The influence of initial Pr³⁺ concentration on adsorption behavior was systematically investigated through a series of controlled batch experiments. The study employed standardized conditions: adsorbent mass of 0.1 g of Spirulina biomass; pH was 5.0, maintained with 0.1 M CH₃COOH/CH₃COONa buffer; agitation speed was 185 rpm; temperature was 298 K; contact time was 60 min; Pr³⁺ concentration range was 20–500 mg/L. The experimental results (

Table 2. Effect of initial Pr³⁺ concentration on adsorption.

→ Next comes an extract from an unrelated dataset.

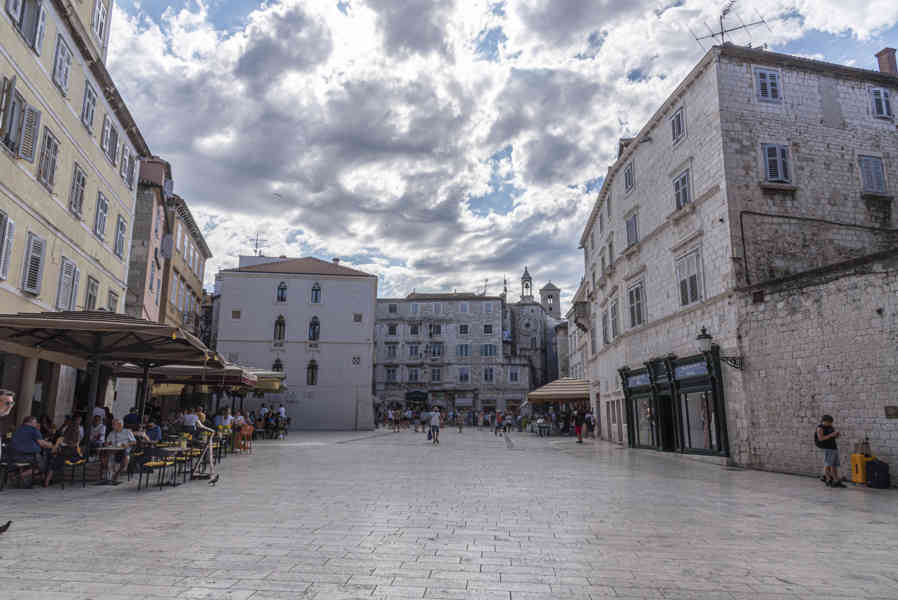 Croacia - Split 42 - palacio de Diocleciano - plaza Narodni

Initial Pr3+ Concentration (mg/L)	Equilibrium Concentration (mg/L)	Adsorption Efficiency (%)	Adsorption Capacity (mg/g)
20	11.98	40.1	4.01
50	10.78	58.44	19.02
100	21.00	79.00	39.50
200	110.53	44.74	44.74
300	209.51	30.16	45.25
400	303.05	24.24	48.48
500	389.07	22.19	55.47

) reveal two distinct operational regimes. Low-concentration regime (20–100 mg/L): adsorption efficiency increases from 68% to 92%, and equilibrium capacity grows from 13.6 to 46.0 mg/g. High-concentration regime (100–500 mg/L): efficiency declines from 92% to 58%. Site saturation becomes evident as the theoretical monolayer coverage is reached at 300 mg/L, and additional Pr³⁺ leads to multilayer adsorption. The adsorption efficiency of Pr³⁺ onto functionalized surfaces (e.g., carboxylate/phosphonate-modified adsorbents) is constrained by three interrelated factors. Finite number of functional groups: surface binding sites (e.g., -COOH, -PO₄⁻) are limited in quantity. Initial rapid uptake occurs via coordination to these groups, but saturation is reached as Pr³⁺ occupies all available sites, following Langmuir-type monolayer adsorption. Steric hindrance at high loading: at elevated Pr³⁺ coverage, bulky hydrated ions or multidentate binding modes physically block adjacent sites. This reduces accessibility for further adsorption, deviating from ideal kinetic/isotherm models. Electrostatic repulsion between adsorbed Pr³⁺: as Pr³⁺ (a trivalent cation) accumulates, positive charges cluster on the surface, creating coulombic repulsion. This repulsion opposes additional Pr³⁺ binding, lowering effective affinity. It also may distort the local structure of functional groups, weakening their coordination ability.

3.3. Adsorption Isotherms

Adsorption isotherms are used to describe the relationship between adsorption capacity and equilibrium concentration. By combining different solid surfaces with adsorbates, various adsorption isotherms can be obtained, which reflect the interactions between the adsorbate and adsorbent to some extent. Langmuir, Freundlich, D-R, and R-P adsorption models were introduced to investigate the adsorption process. By analyzing these isotherms, we can gain insights into adsorption interactions. Furthermore, combining the results from SEM, EDX, FT-IR, and XPS analyses with the adsorption isotherm data allows for a comprehensive characterization of the biosorbent Spirulina, laying the foundation for developing an efficient adsorption–desorption process.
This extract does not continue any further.